* _Instructions for the task_:
What is the number of lines in the data below that contain "Digital"? Reply with the number only.
*** Opening Data provided ***
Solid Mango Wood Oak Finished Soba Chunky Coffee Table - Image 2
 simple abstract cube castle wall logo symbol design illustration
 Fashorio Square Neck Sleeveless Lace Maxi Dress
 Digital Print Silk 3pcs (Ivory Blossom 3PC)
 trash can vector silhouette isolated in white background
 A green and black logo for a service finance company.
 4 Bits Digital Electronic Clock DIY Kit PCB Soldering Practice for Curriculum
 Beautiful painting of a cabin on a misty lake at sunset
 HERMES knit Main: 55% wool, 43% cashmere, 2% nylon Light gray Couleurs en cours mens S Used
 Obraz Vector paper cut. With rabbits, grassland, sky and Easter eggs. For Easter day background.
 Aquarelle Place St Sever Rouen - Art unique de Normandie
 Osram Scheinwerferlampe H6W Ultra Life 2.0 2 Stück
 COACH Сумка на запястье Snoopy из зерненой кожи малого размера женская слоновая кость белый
*** Closing Data provided ***
* _Reply to the exercise_:
2